UK-based Exscientia Creates Custom Drugs for Disease Sufferers, Other Companies Starting Up
An 82-year-old man, “Paul,” who signed up for a drug trial at the Medical University of Vienna in Austria for his aggressive blood cancer was saved by an exhaustive search for the right drug through a UK company that uses AI for creating new drugs. The story in MIT’s TechnologyReview.com shows how AI-created drugs are beginning to take hold as last options for desperate patients.
Two years on, Paul was in complete remission—his cancer was gone. The approach is a big change for the treatment of cancer, says Exscientia’s CEO, Andrew Hopkins: ‘The technology we have to test drugs in the clinic really does translate to real patients.’ “
Exscientia is using machine learning to design new drugs, which is expected to create more treatment options for people who have exhausted all existing drug treatments.
“The first drugs designed with the help of AI are now in clinical trials, the rigorous tests done on human volunteers to see if a treatment is safe—and really works—before regulators clear them for widespread use. Since 2021, two drugs that Exscientia developed (or co-developed with other pharma companies) have started the process. The company is on the way to submitting two more.”
Typically, it takes pharmaceutical companies years to develop drugs and more time to gain approvals. In testing the newly designed drugs on patients out of options, Exscientia could speed up development for others. In addition, hundreds of similar companies are starting up to do the same thing as Exscientia.
“Today, on average, it takes more than 10 years and billions of dollars to develop a new drug. The vision is to use AI to make drug discovery faster and cheaper. By predicting how potential drugs might behave in the body and discarding dead-end compounds before they leave the computer, machine-learning models can cut down on the need for painstaking lab work.”
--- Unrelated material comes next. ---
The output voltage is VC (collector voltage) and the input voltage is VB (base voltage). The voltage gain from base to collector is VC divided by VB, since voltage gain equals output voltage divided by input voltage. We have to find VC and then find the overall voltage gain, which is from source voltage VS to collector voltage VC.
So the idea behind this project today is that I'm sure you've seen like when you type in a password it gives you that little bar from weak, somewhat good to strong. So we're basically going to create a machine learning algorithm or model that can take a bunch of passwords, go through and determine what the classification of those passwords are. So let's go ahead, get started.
Adityo Prakash, CEO of the California-based drug company Verseon, says his company hopes to development treatments more rapidly, too.
“There are still too many diseases we can’t treat or can only treat with three-mile-long lists of side effects.”
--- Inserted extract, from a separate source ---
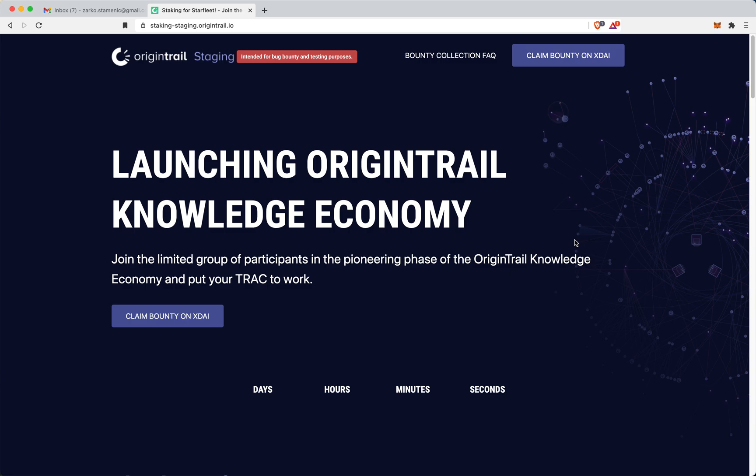Tracers, it is my privilege today to be the one to guide you through the process of collecting your bounty on XDAI. This is a staging environment, this is not yet live, so don't go rushing to this URL and trying to get your tokens yet.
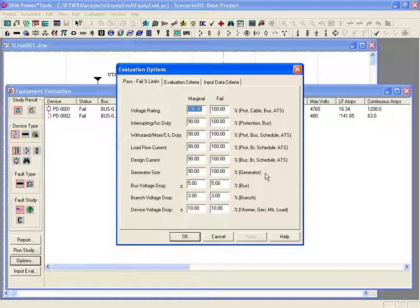Additionally, any generator whose output exceeds its rating, buses where the voltage drop exceeds 5%, branches where the voltage drop exceeds 3%, and transformers, generators, motors, and loads where the operating voltage is outside a 10% margin from rated voltage, will show as failed. Devices will be reported as marginal if the calculated values exceed the specified percent of rating shown in the marginal column. For example, protective devices will be listed as marginal if the calculated interrupting short circuit value exceeds 90% of the rating, and it will be listed as failed at 100% of the rating. All of the marginal and fail criteria are user defined.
Other companies using AI or drug development include: Generate Biomedicines, part of the startup incubator supported by Flagship Pioneering based in Cambridge, Massachusetts; AstraZeneca; Pioneering Medicines, of Flagship Pioneering in Cambridge, Massachusetts; Insilico Medicine, a drug discovery firm based in Hong Kong; Apriori Bio, another Flagship Pioneering startup based in Cambridge; and Verseon, a California-based drug company.